戦争で傷を負ったことで定職につかない男とその先妻の息子・少年。男の同棲相手と彼女との間に生まれた子・チビ。一家は、車にひかれたふりをしてお金をだまし取る「当たり屋」で生計を立てている。一箇所で仕事を続けると商売がバレるため、一家は次々と場所を変えて旅をする・・・

2021年4月3日、本作に「少年」役で出演した渡辺文雄さんが渋谷の映画館で行われた大島渚監督作品特集に同席し、52年ぶりに公の場でトークイベントを行ったというニュースがありました。残念ながら私は福岡在住のため上映にかけつけることができませんでしたが、上映のレポートを読んでいると、50年以上前の物事をまさに「昨日のように」振り返るやりとりを目の当たりにできるイベントだったようです。

大島渚監督作品は『戦場のメリークリスマス』等をはじめデジタルリマスター化作業が進められており、作品を振り返る機会が多くなりました。大島作品の中で最も低予算な部類の作品であるがゆえに最もリアルな「旅」を描いているのが、この『少年』です。

低予算映画というのは様々な面で「借り物」をしなければなりません。1969年当時はまだスタジオ・システム全盛の時代でしたが、社会派の大島監督は町に飛び出し、全国各地の風土を巧みに借りながら、いびつでリアルな家族の絆を描きました。Wikipediaによるとロケ地は、高知・尾道・倉敷・北九州・松江・ 豊岡・天橋立・福井・高崎・山形・秋田・小樽・北海道(歌志内・札幌・小樽・稚内)で、まさに「列島縦断ロケ」です。

西遊旅行のツアーには、横断・縦断・峠越えなどというダイナミックさを示す言葉や、最高峰・最南端といった地点を示す言葉が入ったツアーが少なからずあります。

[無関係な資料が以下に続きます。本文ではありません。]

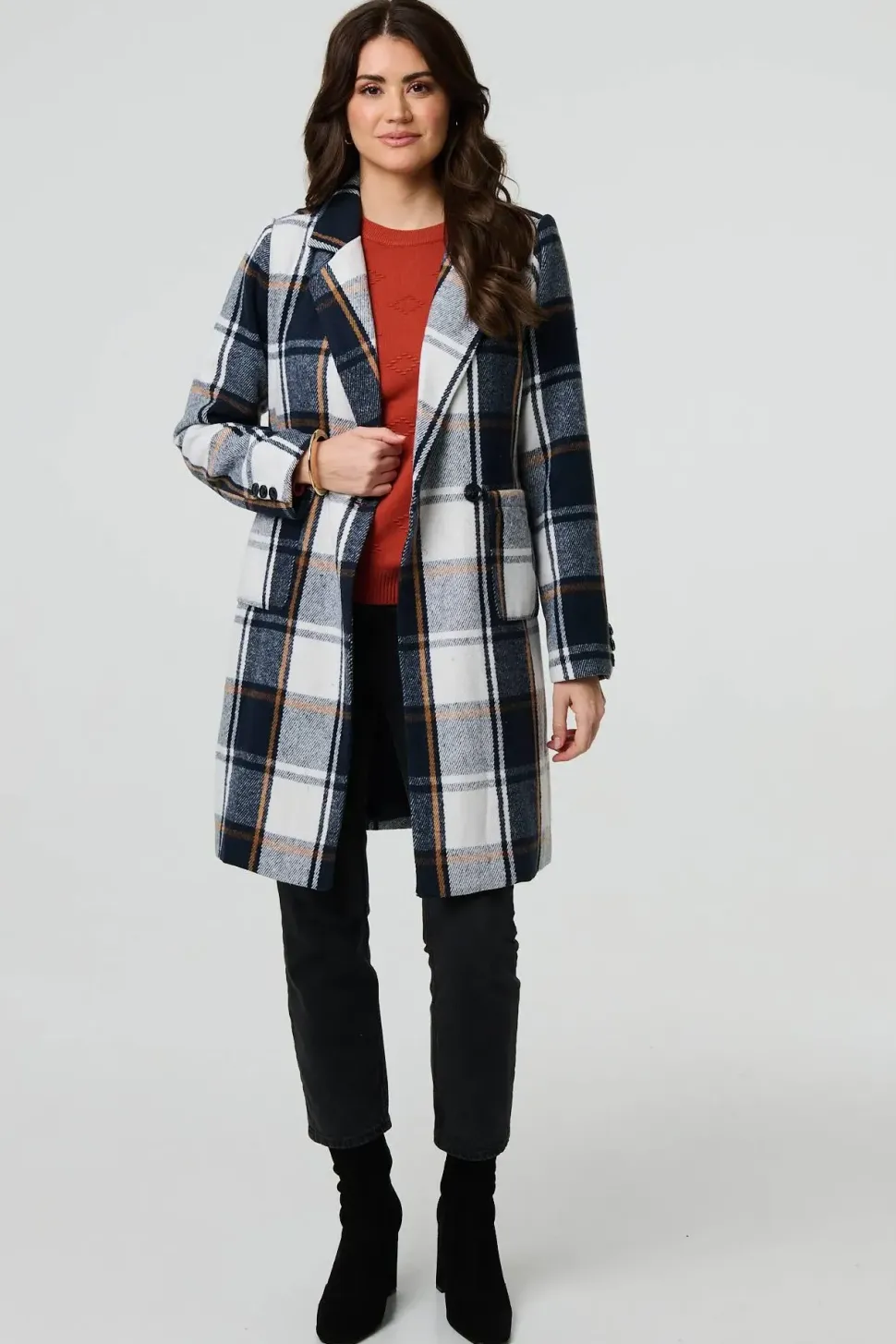 Checked Double Breasted Trench Coat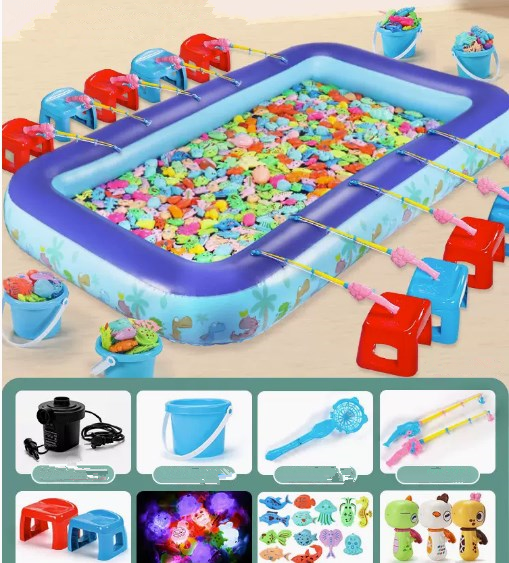 Popular fish fishing pool toy (extra large 210CM fish pond + 200 fish + 20 fishing rods + 10 fishing nets + 10 fish buckets + 10 luminous fish + fun water guns 3 + 10 chairs + electric air pump) (Specifications: 195*130*24CM )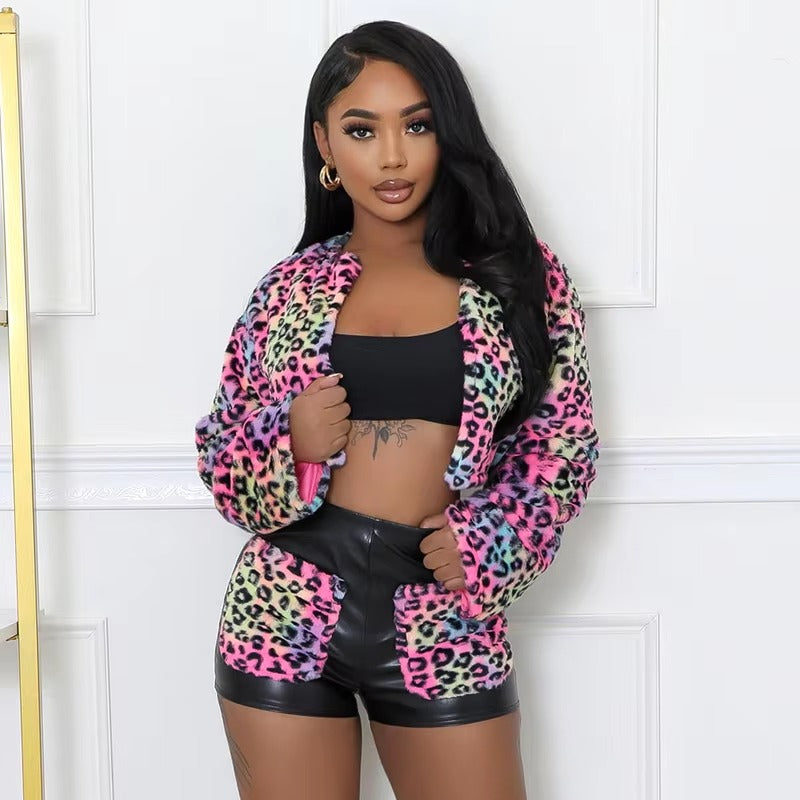 Elegant Warm Thick Crop Jackets Slim PU Shorts 2 Piece Set
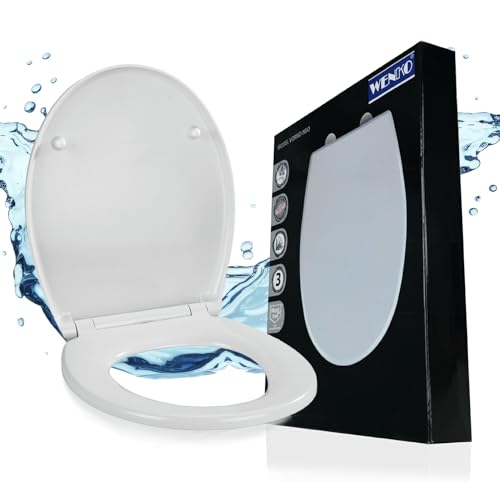 WENKO Toilettendeckel mit Absenkautomatik, oval, belastbar bis 175 kg, Klodeckel aus antibakteriellem, stabilem Duroplast, widerstandsfähig gegen Kratzer, einfache Montage, Mod. Vorno Neo, weiß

私は、自分の作品のロケで枕崎に行ったとき「日本最南端の始発・終着駅」という看板があるのを見て「やはり僕はこういう西遊旅行のツアータイトルのような場所に惹かれるのだな」と思ったことがありますが、横断・縦断したり、山や海の向こうを目指したり、一番端まで行ってみたいという旅のモチベーションというのは、最も素朴で原初的なのではないでしょうか。

「少年」の家族が追い詰められて向かう先は、日本の最北端・宗谷岬。季節は冬です。うまいなぁと、思わず感嘆してしまいます。旅の理由は悲しいですが、フィクション映画のシナリオとしては、ベストシーズンにベストプレイスで追い詰められています。「あの山や海を越えた先に何があるかを見てみたい」「端から端まで全部行まわってみたい」というような思いを一度でも抱いたことのある方は、間違いなくドキドキハラハラできる作品です。